WORK INSTRUCTIONS:
Once "Basset Hound Sage Green French Toile Pillow" turns up in a line below, reproduce that line and those after it exactly, stopping after the line with "Mango halterneck denim"; leave pictures out.

MATERIAL SHOWN START

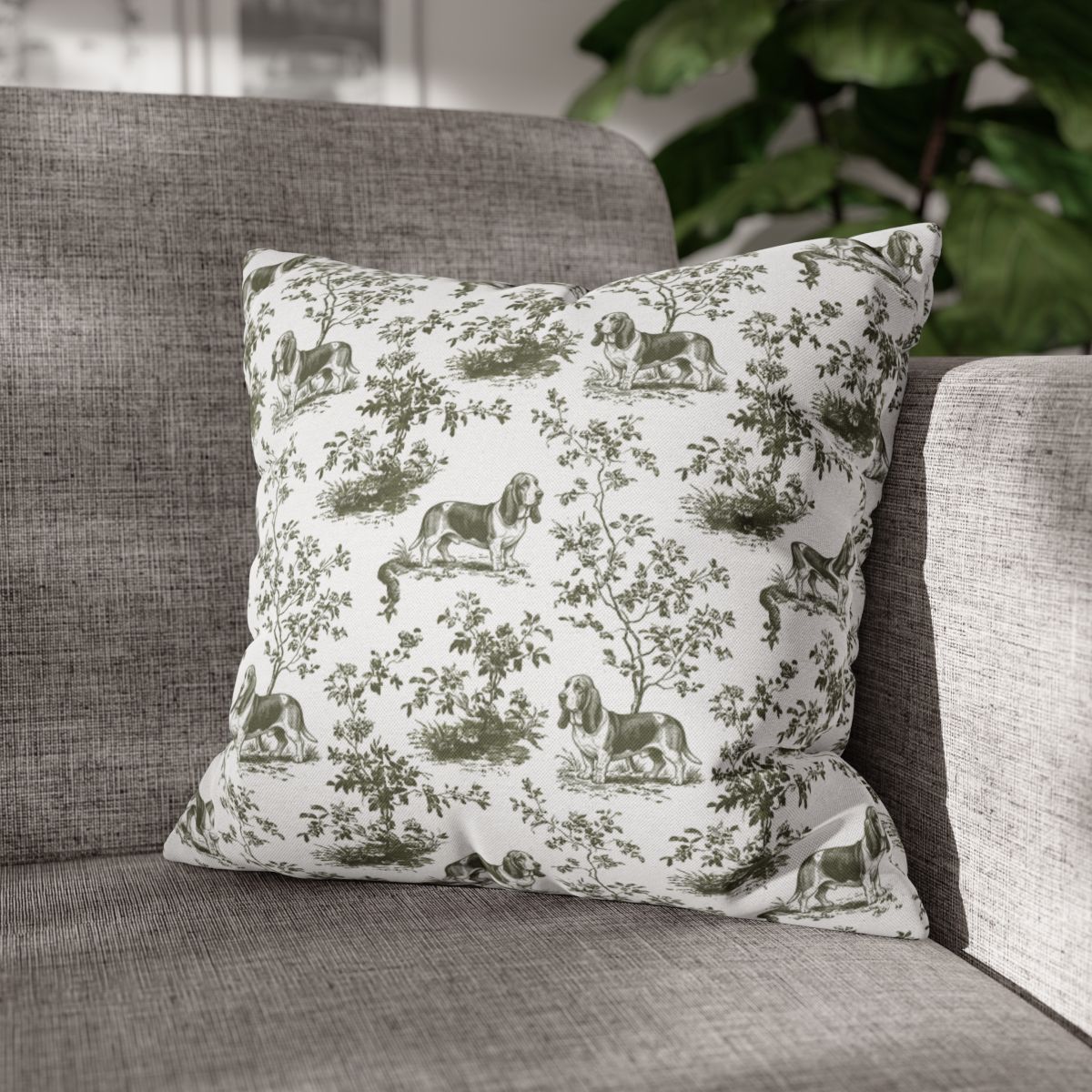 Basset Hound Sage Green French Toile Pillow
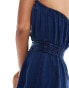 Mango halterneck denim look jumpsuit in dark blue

MATERIAL SHOWN END
MATERIAL SHOWN START

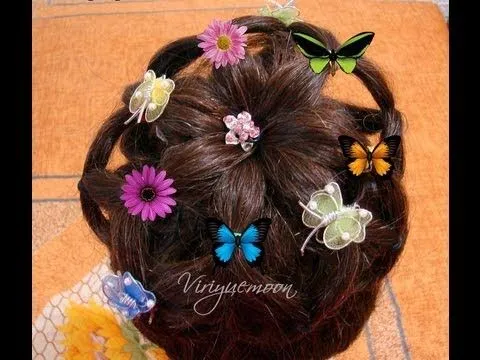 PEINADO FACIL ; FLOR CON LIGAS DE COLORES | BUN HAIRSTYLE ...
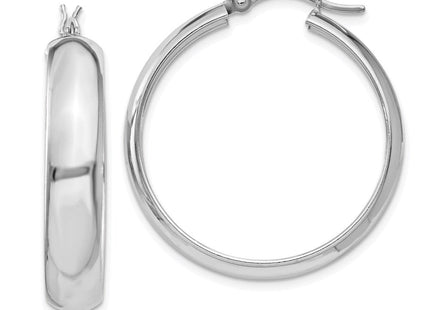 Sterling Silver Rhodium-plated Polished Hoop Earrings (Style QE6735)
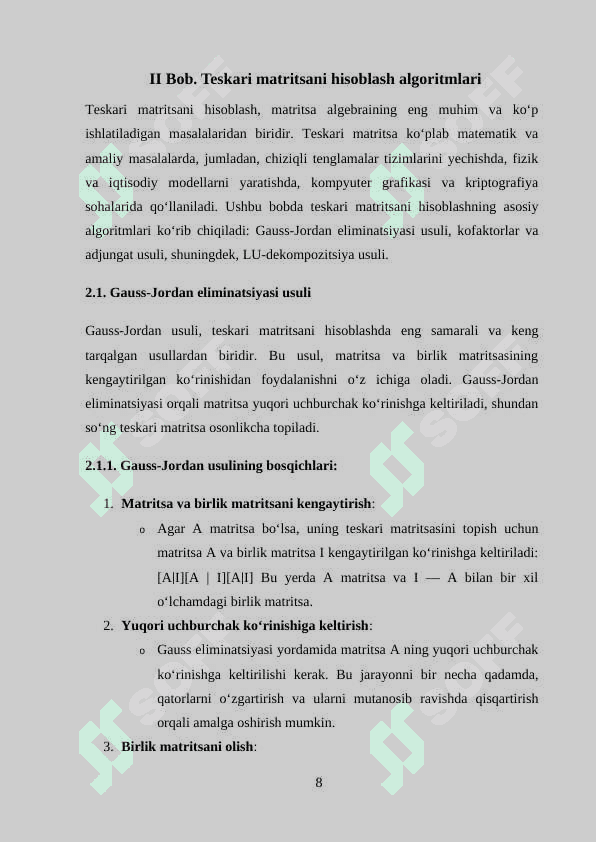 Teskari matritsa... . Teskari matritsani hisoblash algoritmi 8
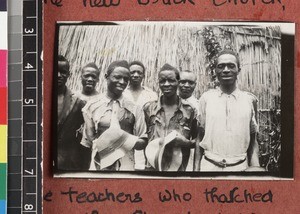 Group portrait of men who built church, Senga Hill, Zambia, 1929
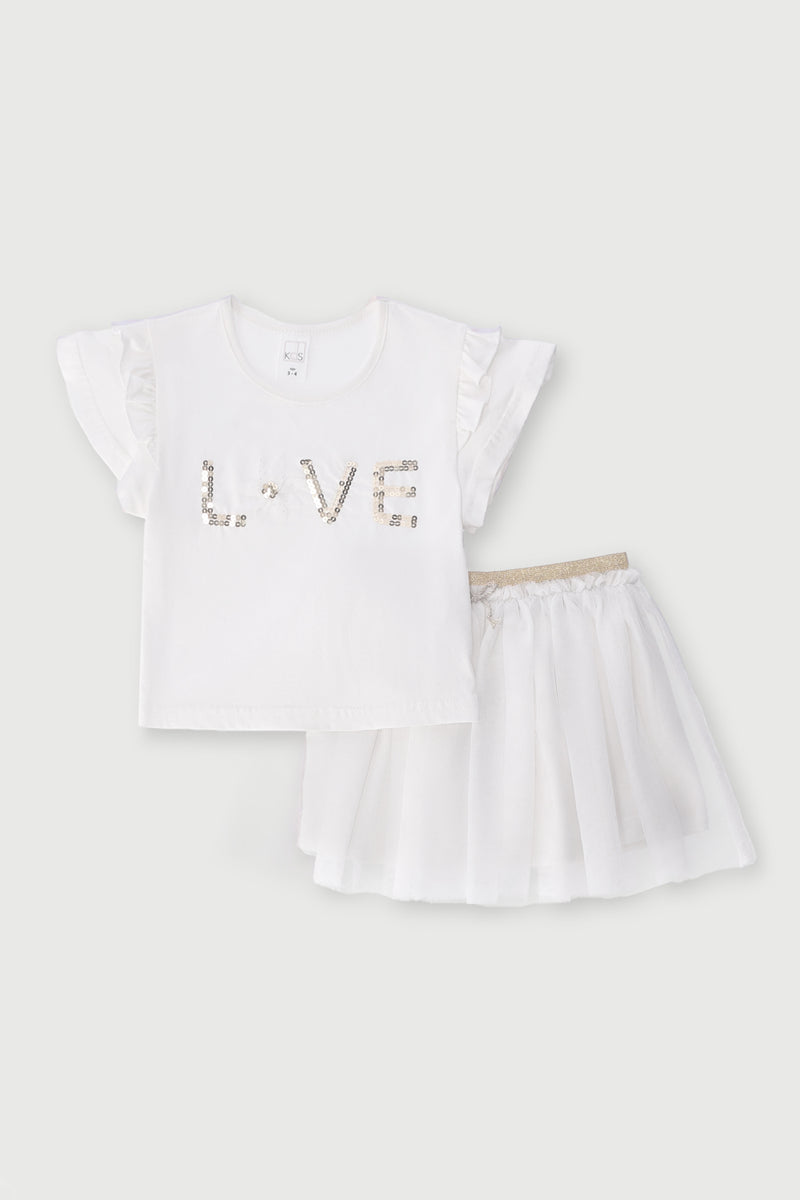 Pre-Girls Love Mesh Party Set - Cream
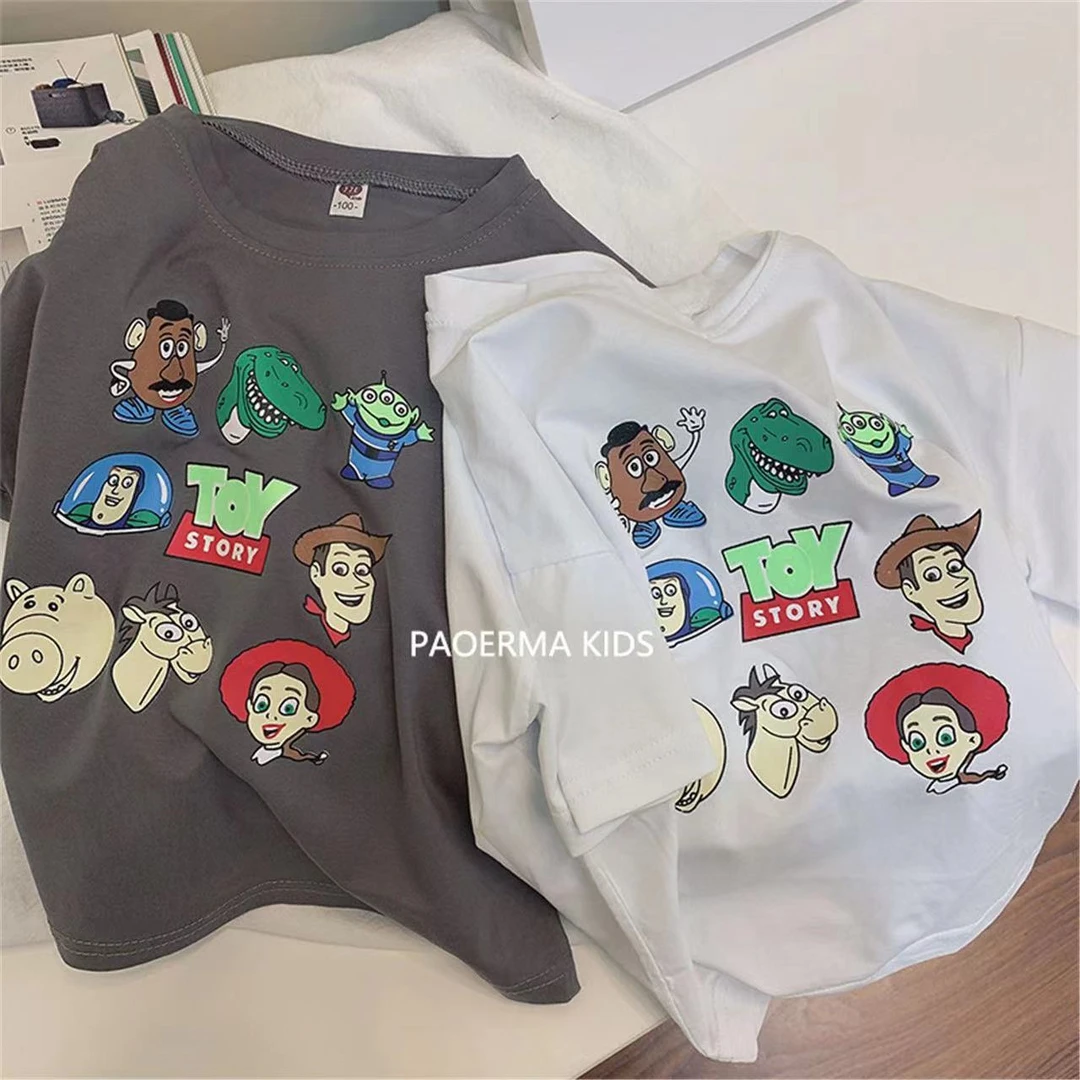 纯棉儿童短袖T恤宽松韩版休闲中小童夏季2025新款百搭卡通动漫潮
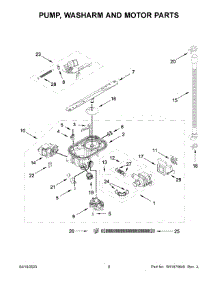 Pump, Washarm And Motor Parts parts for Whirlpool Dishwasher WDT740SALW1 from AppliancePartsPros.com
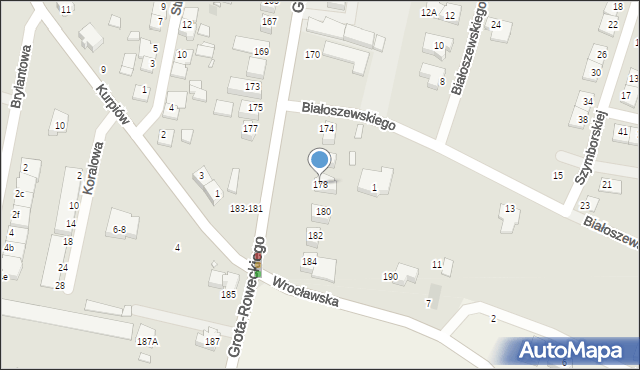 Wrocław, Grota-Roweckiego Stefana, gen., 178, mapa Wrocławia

MATERIAL SHOWN END
MATERIAL SHOWN START

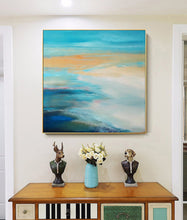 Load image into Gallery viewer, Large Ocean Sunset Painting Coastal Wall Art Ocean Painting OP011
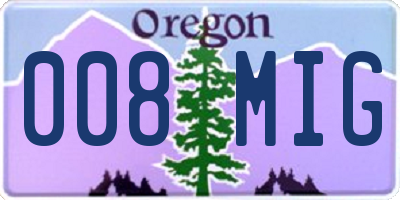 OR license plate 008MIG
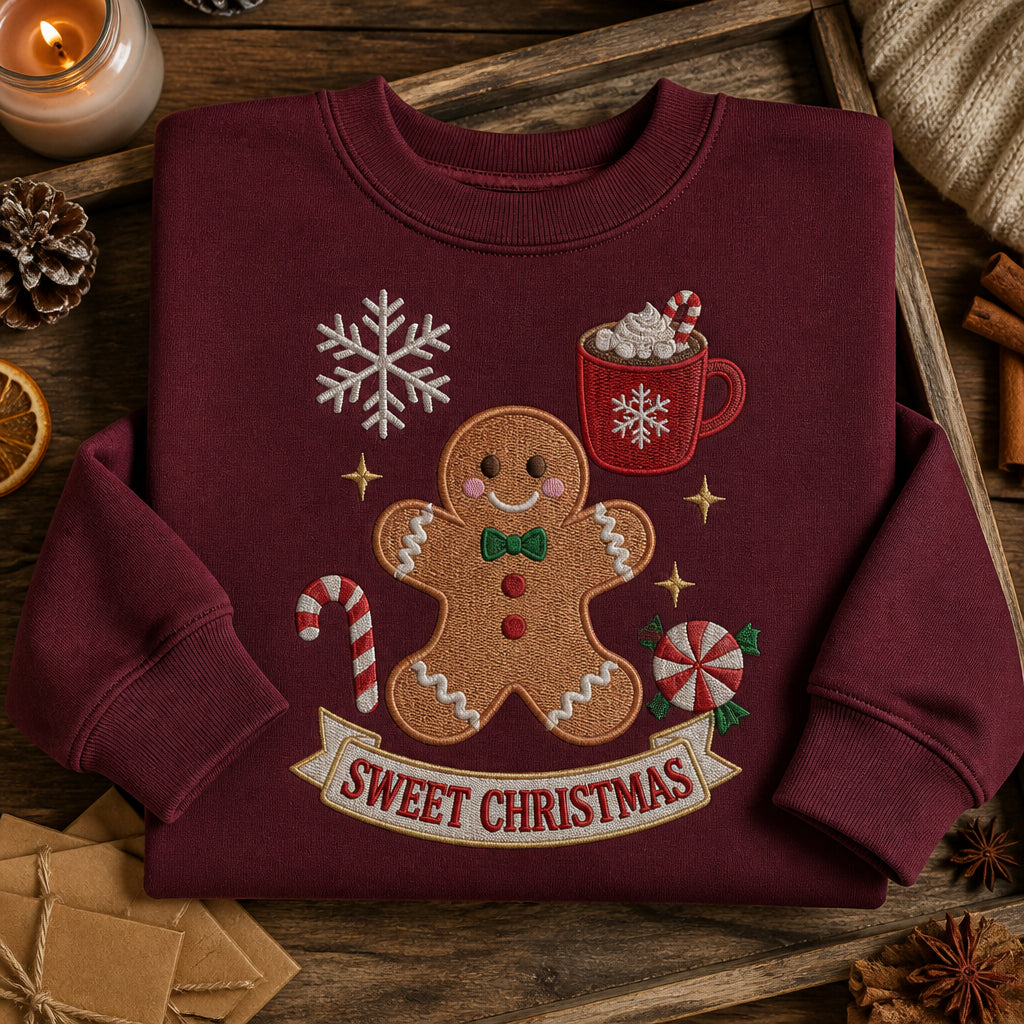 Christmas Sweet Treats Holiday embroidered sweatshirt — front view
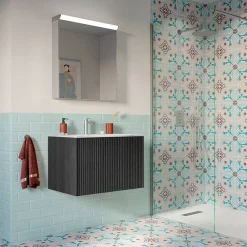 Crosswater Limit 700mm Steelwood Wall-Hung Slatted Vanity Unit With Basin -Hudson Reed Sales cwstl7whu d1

MATERIAL SHOWN END

ANSWER:
 Basset Hound Sage Green French Toile Pillow
 Mango halterneck denim look jumpsuit in dark blue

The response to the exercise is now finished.